Monterey Park shooting victim LiLan Li.

Monterey Park taking pictures sufferer LiLan Li.

(Jonathan D. Chang)

Monterey Park shooting victim Valentino Marcos Alvero.

Monterey Park taking pictures sufferer Valentino Marcos Alvero.

(Jonathan D. Chang)

Generally, Chang receives messages from relations who stumble throughout the portraits. Alice Sakaye, the daughter of Maria Liang, the proprietor of Star Ballroom Dance Studio, wrote to him after seeing the portraits of the victims of the taking pictures: “It actually touched me and my mother. Thanks a lot for paying tribute to those that have handed away … they had been longtime buddies and patrons who shared a love for dancing and supported our small enterprise.”

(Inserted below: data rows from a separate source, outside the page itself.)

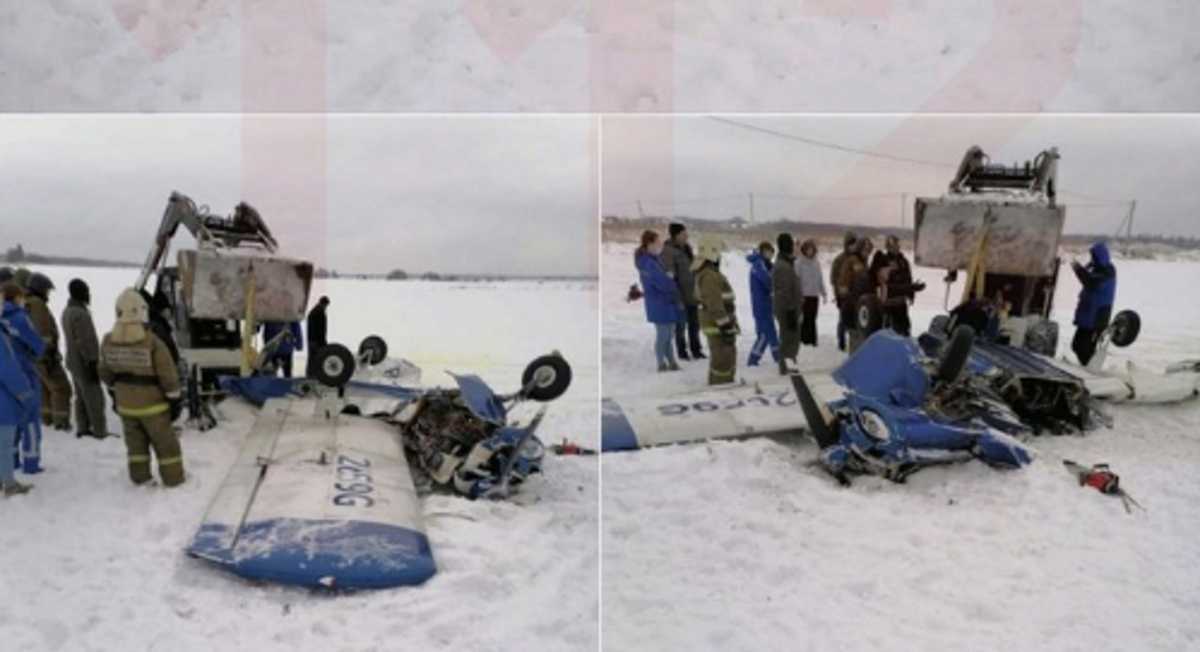 Ρωσία: Τρεις νεκροί από σύγκρουση δύο αεροσκαφών στον αέρα (pics)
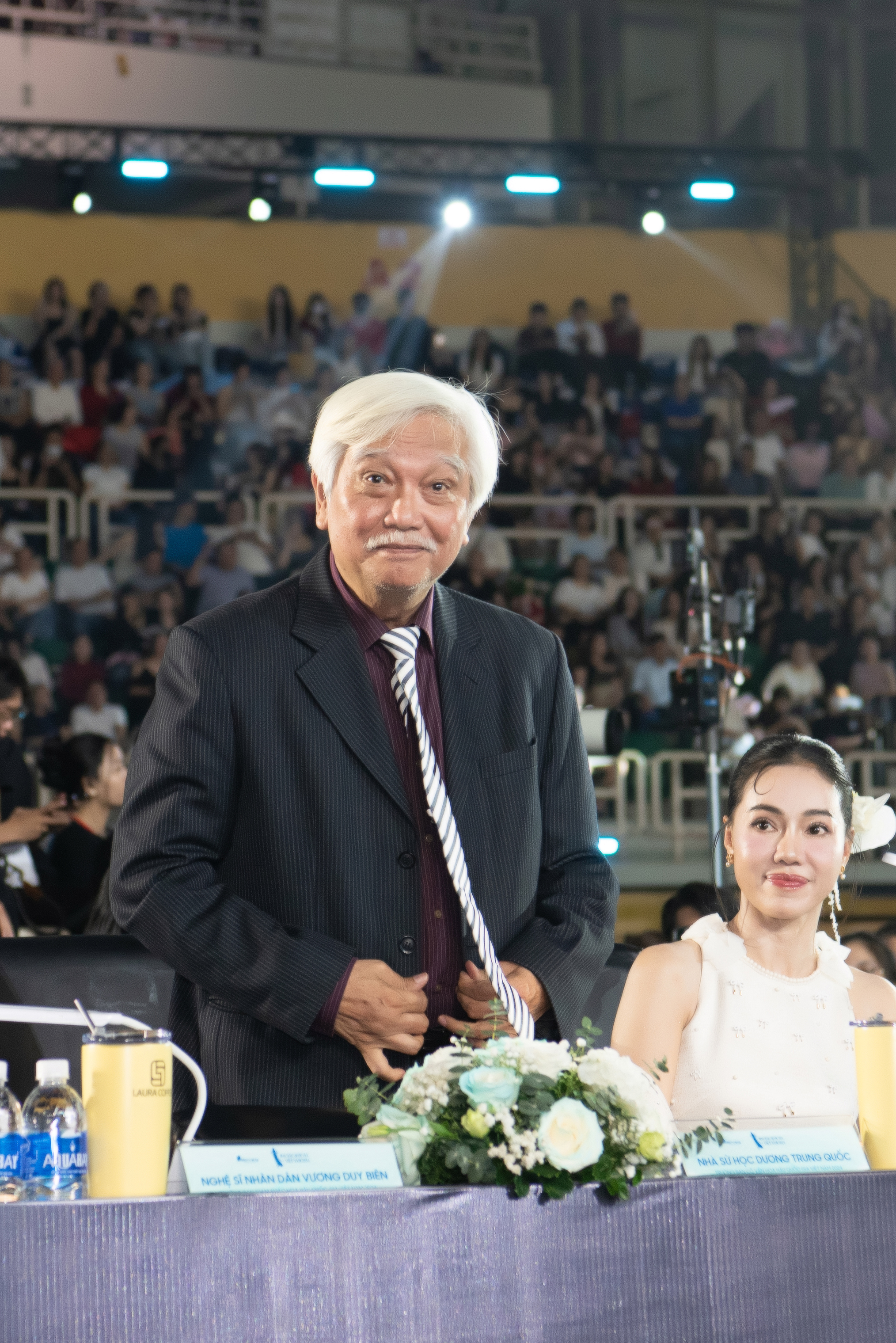 Kiều Duy l&ecirc;n ng&ocirc;i, Ban Gi&aacute;m khảo Hoa hậu Quốc gia Việt Nam 2024 đ&atilde; tranh luận ra sao?- Ảnh 9.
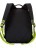 Школьный рюкзак Grizzly RB-628-2 черный - салатовый - фото №3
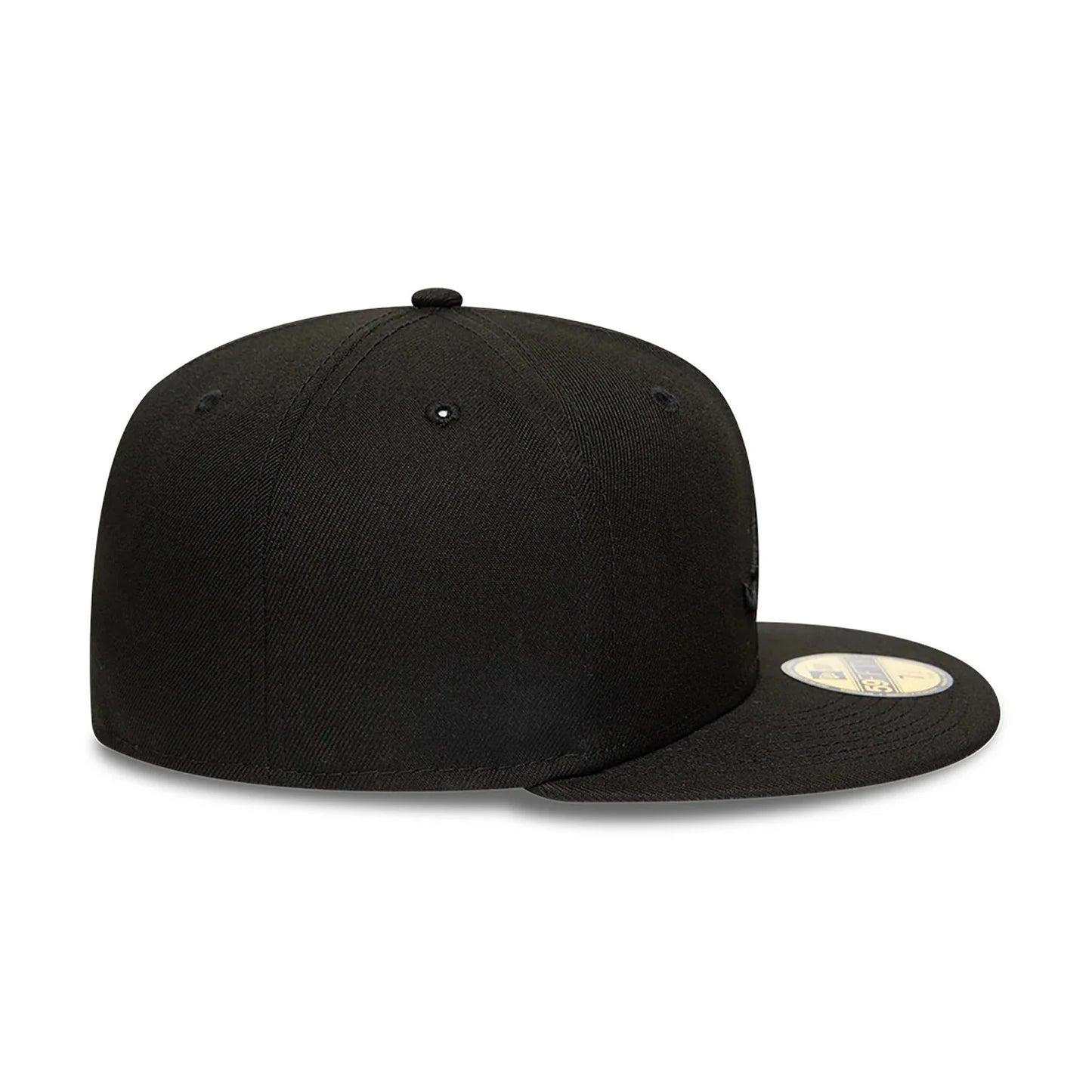 New Era Derhúfa - Atlanta Braves MLB Black on Black 59FIFTY Fitted Cap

It’s these messages that preserve him going, he says, past the tiring nature of the work and when the information cycle has shifted its consideration elsewhere.

“After the media has gone, after which that is not the information cycle, these households must cope with these items for all times,” he says. “It’s actually vital to humanize our group and to point out that simply because it’s not your loved ones, it might have been. We by no means know.”

He needs people to really feel empowered to use their abilities to local people activism.

“I really feel just like the one factor that we will all agree on is [that] all of us wish to preserve our elders protected. We wish to defend probably the most susceptible in our group,” provides Chang. “And I really feel like so long as we concentrate on that, that’s going to make us unify much more.”

Monterey Park shooting victim Ming Wei Ma.

Monterey Park taking pictures sufferer Ming Wei Ma.

(Jonathan D. Chang)

Monterey Park shooting victim Yu-Lun Kao.

Monterey Park taking pictures sufferer Yu-Lun Kao.